Relationships may go dormant, then revive when trouble strikes. Simpson Thacher & Barlett of New York was MCI’s outside counsel when the company was purchased by WorldCom, said partner Paul Curnin.

For a while, things were quiet on the WorldCom front for Simpson Thacher. Then WorldCom called on Curnin to handle one securities matter, liked the result, and turned to Curnin again to take on the securities litigation stemming from Worldcom’s current situation, he said.

Corporations are not the only ones tapping into heavy-duty big-firm legal talent. Weingarten, a partner at Steptoe & Johnson of Washington, D.C., is defending a host of ex-executives, including Richard Causey, former chief accounting officer for Enron; Bernard Ebbers, ex CEO of WorldCom: and Mark Belnick, former general counsel at Tyco.

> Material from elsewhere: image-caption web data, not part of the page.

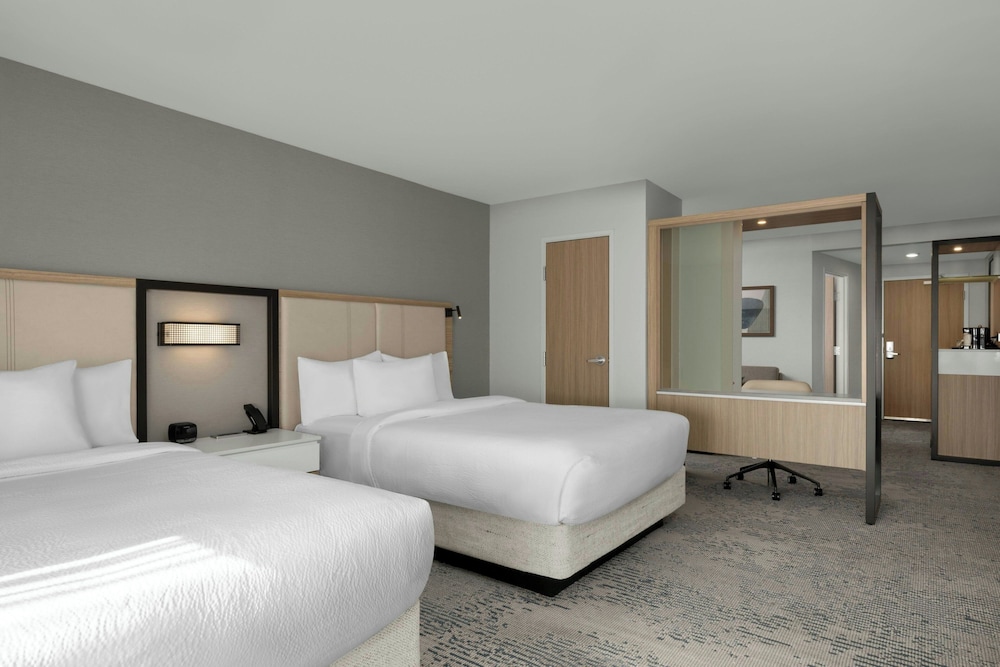 1 Bedroom, Suite, 2 Queen Beds, Sofa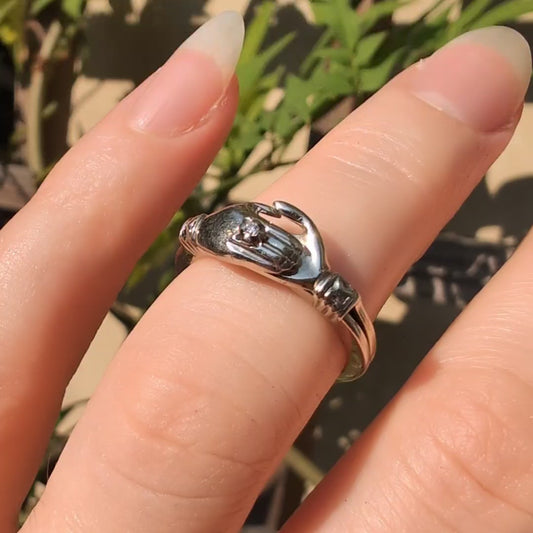 10k Diamond Clasping Hands Ring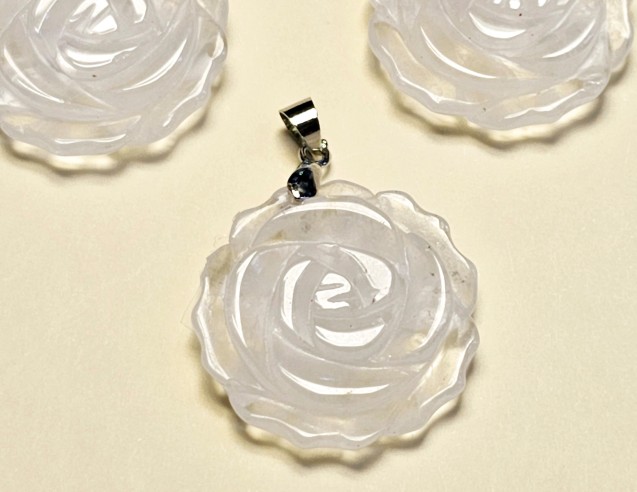 Colgante de flor mineral cuarzo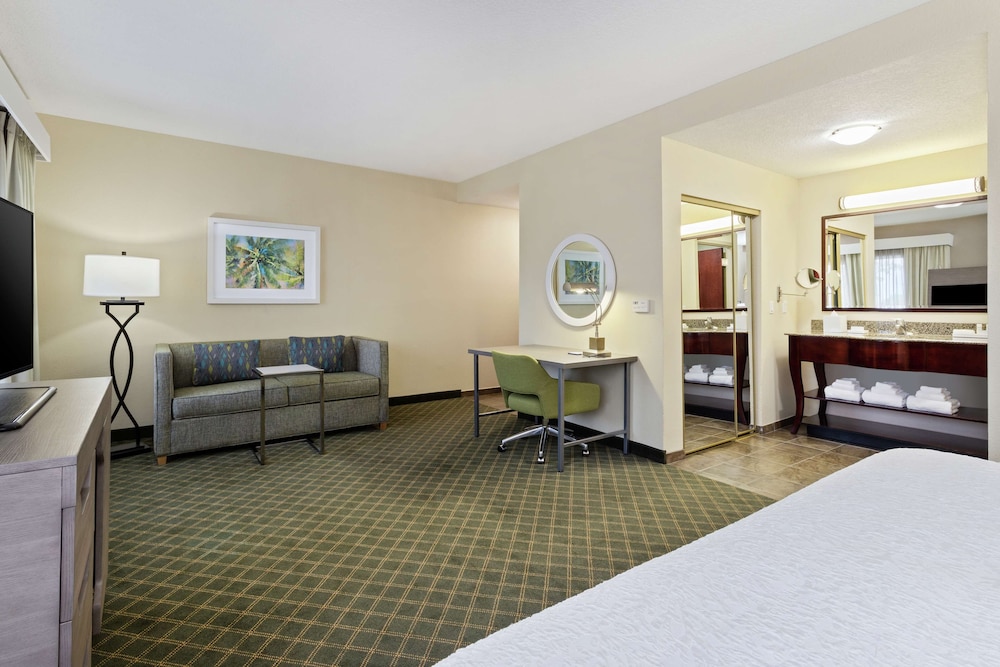 Hampton Inn West Palm Beach-Lake Worth-Turnpike 25/34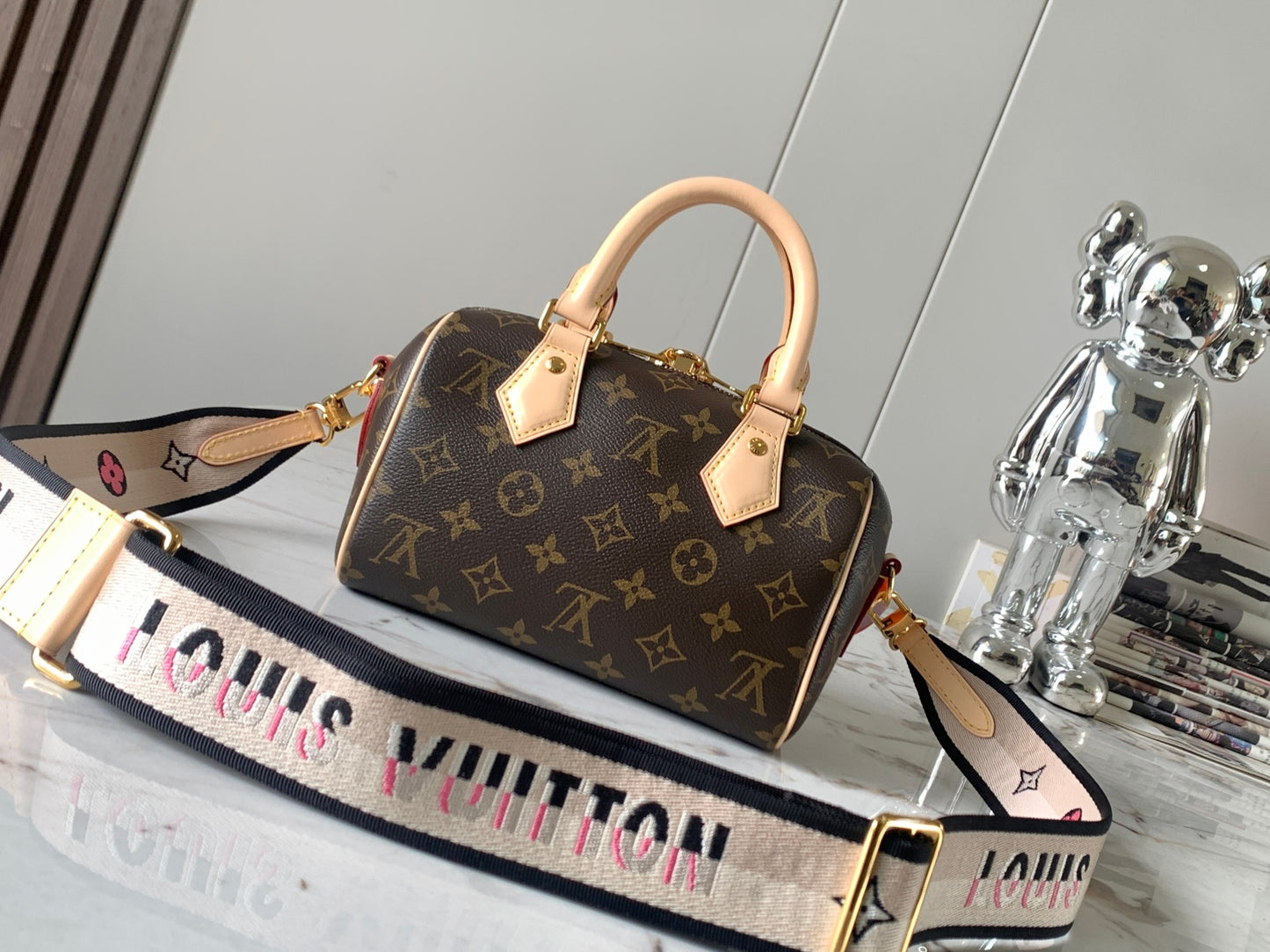 SPEEDY BANDOULIÈRE 20 HANDBAG M46234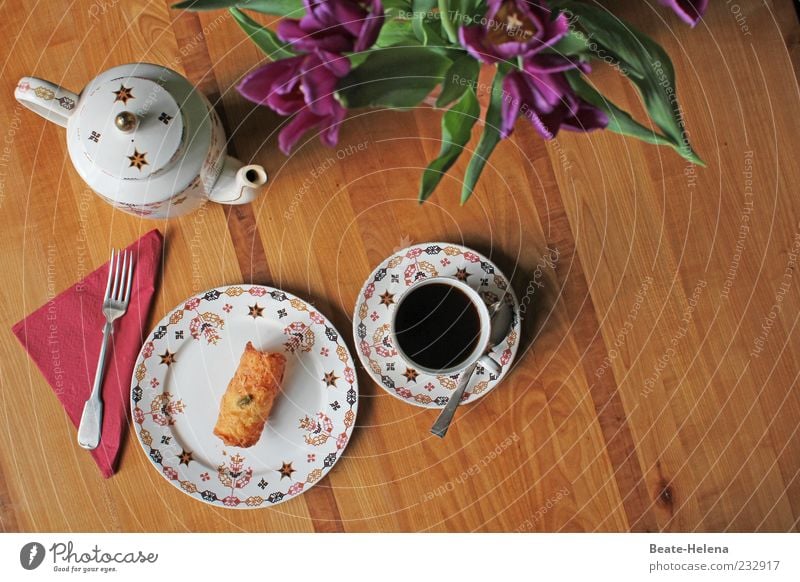 It's served! Cake Coffee Crockery Round Brown Gold White Contentment Hospitality Beginning Tulip Coffee break Coffee table Accessible Invitation Afternoon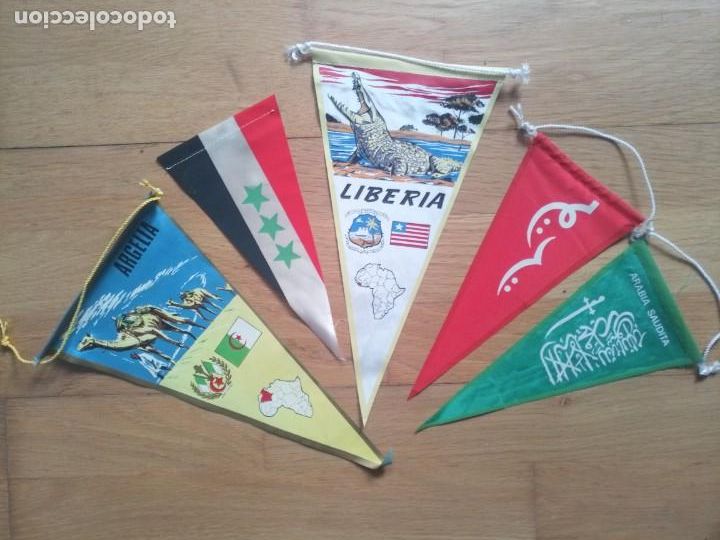 Bandierine di collezione: Lote banderines antiguos Argelia liberia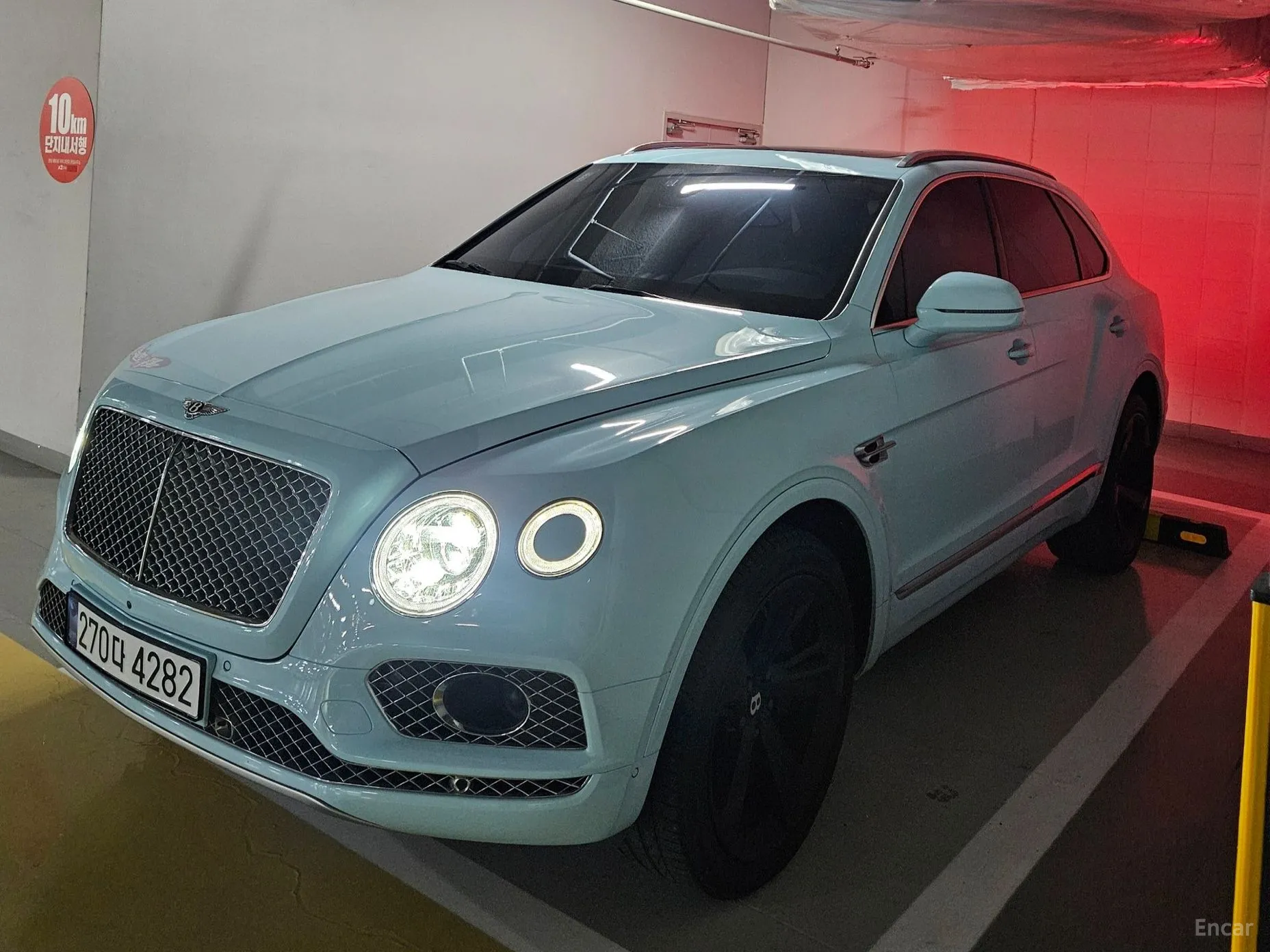 Bentley Bentayga превью 3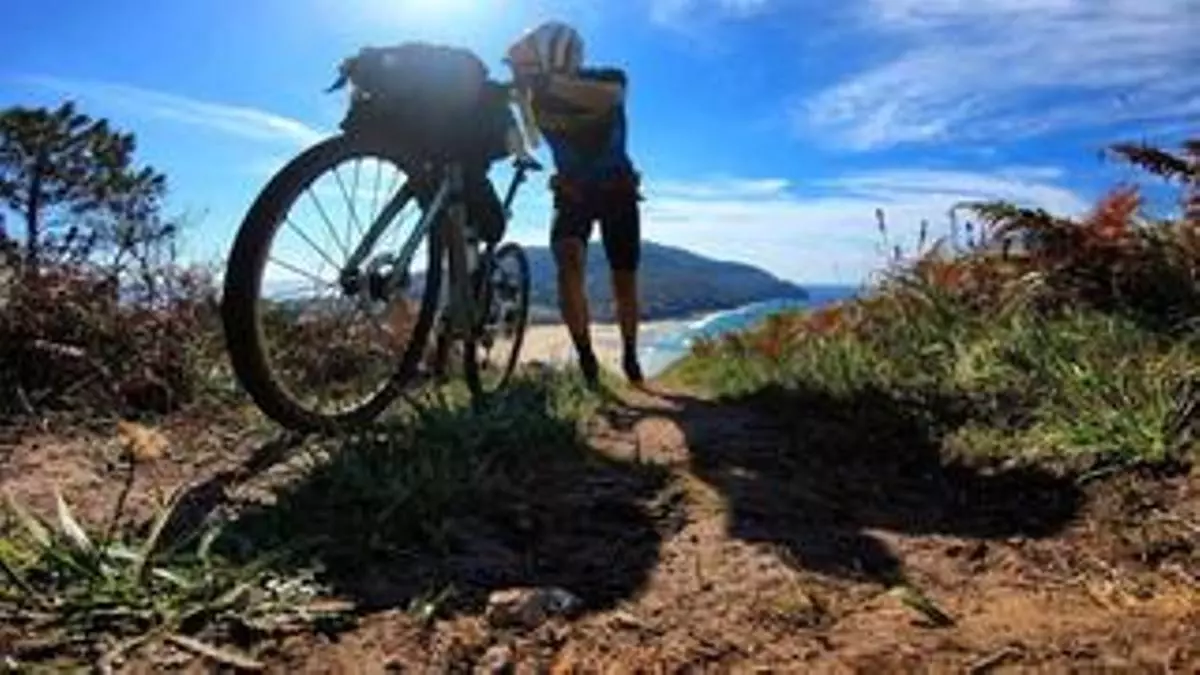El paraíso, desde la bicicleta: el gravel de ultrafondo llega a Galicia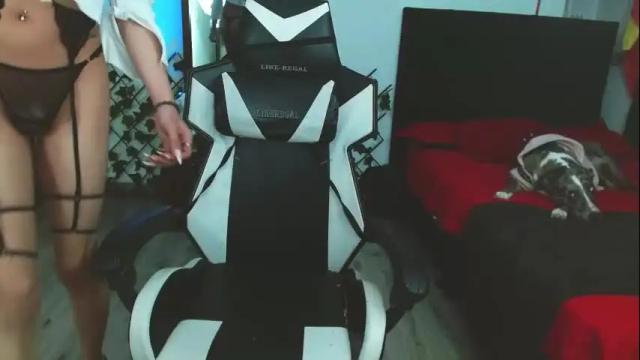 Image 12 of kitty_vaal Stream on Chaturbate on 4 months ago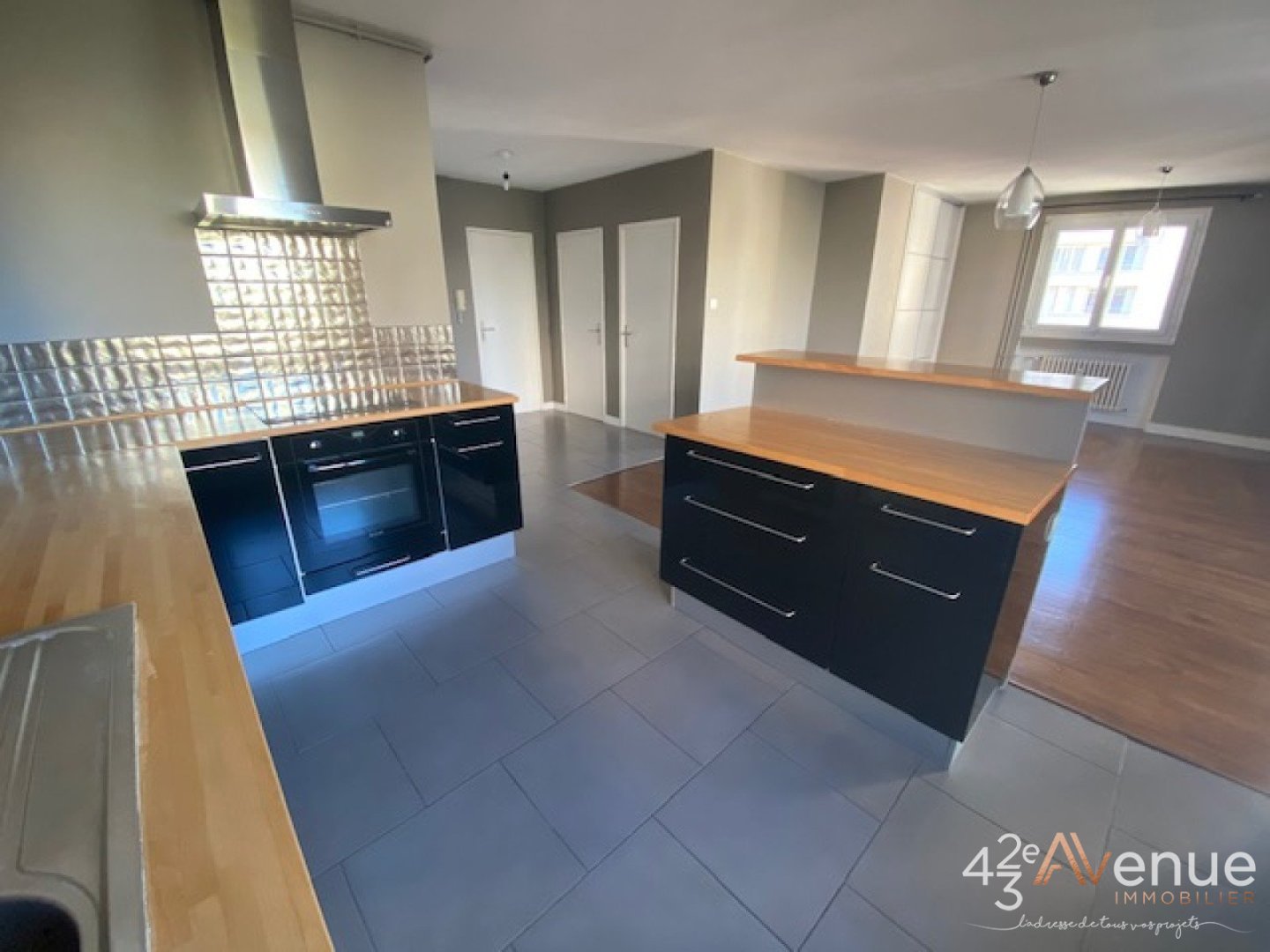 2 Pices avec balcon - ST ETIENNE LA TERRASSE - 57.1 m2 - LOUÉ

W. Neil Eggleston, partner at Washington D.C.’s Howrey Simon Arnold & White, represents most of Enron’s independent directors for litigation and government investigations. Washington, D.C.’s Covington & Burling represents Adelphia’s committee of independent directors concerning the company’s investigation of internal misconduct.

In the insider-trading debacle at ImClone Systems, Inc., ex-CEO Sam Waksal counts among his defense lawyers Mark F. Pomerantz, a partner at New York’s Paul, Weiss, Rifkind, Wharton & Garrison. Martha Stewart has hired, among others, Washington, D.C.’s Arnold & Porter, which represents her in the congressional investigations.

Even attorneys for ancillary players may find themselves in the spotlight, according to Zeughauser: "Who your client is determines what role you play."